The spider didn't answer. She had fallen asleep. It had been a very, very busy day.
Pero la araña no contestó. Se había dormido. Había sido un día muy ocupada.

6 comments:

pussreboots said...

The translation is quite literal and therefore awkward and clunky in places.

Heather said...

It does look very literal. I have a very elementary understanding of Spanish but it is definitely not well translated.

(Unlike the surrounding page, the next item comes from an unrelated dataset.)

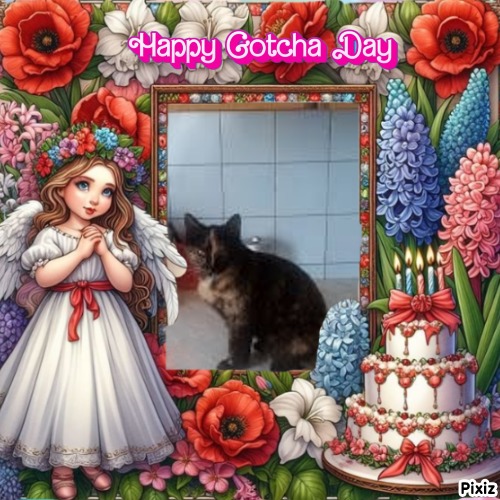 zoza1958 uploaded   79  day/s  ago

Here is the Alta Vista Babel Fish translation from the Spanish back to English:

A very early day the wind blew a spider travès of the field. A thin and silky thread was left by its body. The spider arrived at a post of the fence surrounds to the patio of a property… and it began to weave a spiderweb with U.S. silky thread. " Híiiiii! Híiiiii! " the horse whinnied. " You want to take a stroll? " But the spider did not answer. Very it was occupied, weaving his fabric. " Muuu! Muuu! " mujió the cow. " You want to eat grass? " But the spider did not answer. Very it was occupied, weaving his fabric. " Bee! Bee! " the ewe bleated. " You want to run in the meadow? " But the spider did not answer. Very it was occupied, weaving his fabric. " Maa! Maa! " the goat said. " You want to jump on rocks? " But the spider did not answer. Very it was occupied, weaving his fabric. " Oink! Oink! " gruñó the pig. " You want to play in the mud? " But the spider did not answer. Very it was occupied, weaving his fabric. " Wow! Wow! " the dog barked. " You want to hunt to a cat? " But the spider did not answer. Very it was occupied, weaving his fabric. " Miau! Miau! " maulló the cat. " You want to take a siesta? " But the spider did not answer. Very it was occupied, weaving his fabric. " Cuá! Cuá! " jijo the leg. " You want to go to swim? " But the spider did not answer. Very it was occupied, weaving his fabric. " Kikiriki! " the rooster sang. " You want to hunt this so foolish fly? " And it in a while took it to the spider in its spiderweb…! " Uuu? Uuu? " the owl asked. " Who has made this spiderweb so pretty? " But the spider did not answer. One had fallen asleep. It had been a day very occupied.

Heather said...

Oh, that said, I think any translation with the rhythms and pronunciation is going to be better than not doing it at all. Once he is older and is watching dvd's--we often would watch a favorite like Kipper, Blue's Clues, or Bob the Builder in another language (I believe Bob the Builder has French and Kipper has French and Spanish). It is a good way to expose the kids to the sounds--especially since they also watch it in English and know what is going on in the movie.

Disco Dan said...

Hi there. I realize this post is old, but it's new to me and suddenly relevant. My son understands both English and Spanish (currently), and is almost 2 years old. Most of his board books are Spanish or bilingual. His copy of "The Very Busy Spider", is in English. It was a Christmas gift, so I figured I could read it to him in Spanish. So I wrote down what I thought was the best translation , using my knowledge of the language and a dictionary. Later, I ran a search out of curiosity and found your post here. After reading the translation, it's not awful. Plus, using an online translator to translate from one language to another and back again is almost never an accurate way to see if the translation is accurate. I'll check with my dad later (he's a native speaker), but I believe it's pretty accurate with only a few hiccups. Also, the way sentences and phrases are formed in Spanish is different from English, so for example "La araña llegó a un poste de la valla cerca del patio de una finca" reads literally: "The spider arrived at a post of a fence near the backyard of a property", but a native speaker might read "The spider landed on a fence post near the property's backyard." The word "corral" might have been better, as it literally translates "farm yard". In addition, if you look inside the spanish hardcover version, and the board books, some of the words are different, with the boardbook appearing to be more correct (example, gallina vs gallo). Anyway, let me translate (notes in parentheses):

Disco Dan said...

Early one day, the wind blew a spider across the field. A thin, silky thread was (left) behind her body. The spider landed on a fence post near the property's back yard... and began to spin a web with her silky thread.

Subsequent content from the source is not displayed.